Le choix du titre est une vraie réussite car il résume à lui seul les problématiques de Karl et le wiktionnaire éclaire notre lecture ;-) Il précise l'étymologie du terme parallèle, composé du grec, pará = à coté et de állêlôn = l'un et l'autre.
Et c'est exactement ce qu'a ressenti Karl. Toute sa vie, il a été tiraillé entre ses désirs et sentiments pour des hommes et le souhait de fonder une famille, de se fondre dans la norme. Cela le conduit à ne pas faire de choix et à mener, en parallèle, une vie cachée, clandestine, marginale qui n'était pas sensée croiser sa vie familiale et qui amène forcément à faire des comparaisons, des jugements de valeurs.

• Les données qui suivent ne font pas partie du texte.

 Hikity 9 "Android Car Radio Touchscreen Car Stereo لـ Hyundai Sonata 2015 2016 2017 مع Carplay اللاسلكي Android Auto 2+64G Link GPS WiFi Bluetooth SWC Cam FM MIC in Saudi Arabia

Et forcément, ça se solde par un échec sur les deux lignes de sa vie.
Le titre original Parralel met plus subtilement l'accent sur l'identité, le sentiment de soi et d'être en décalage total avec la supposée normalité des autres.
Le récit est poignant, le ton est si juste qu'on pourrait croire à une autobiographie (ce qui n'est pas le cas). le dessin, noir et blanc, aquarellé, apporte une mélancolie et une tristesse qui soulignent bien les sentiments du personnage, pas toujours sympathique (particulièrement avec sa seconde femme) mais dont on comprend les contradictions.

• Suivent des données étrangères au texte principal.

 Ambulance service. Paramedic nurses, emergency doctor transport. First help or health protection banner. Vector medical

On ne peut s'empêcher de penser au film documentaire de
Sébastien Lifshitz,
Les invisibles rapportant les témoignages, moins sombres, de couples contemporains de Karl Kling qui se sont autorisés à s'épanouir dans leur homosexualité malgré les tabous de leur époque.
Un roman graphique qui trouve toute sa place dans la ligne éditoriale de Steinkis en abordant un sujet de société toujours d'actualité dans un 21è siècle, où plus de 70 pays répriment encore l'homosexualité parfois jusqu'à la peine de mort, où dans les pays aux avancées législatives significatives,et malgré la parole libérée, existe toujours l'homophobie.
N'étant pas germanophone, je n'ai pas trouvé d'infos sur l'auteur, son titre est malheureusement attribué à tort sur de nombreux sites à son homonyme français, et homologue en bd.
C'est ma première participation à Masse critique et vraiment, c'était une très, très bonne pioche !! Merci encore à Babelio et aux éditions Steinkis.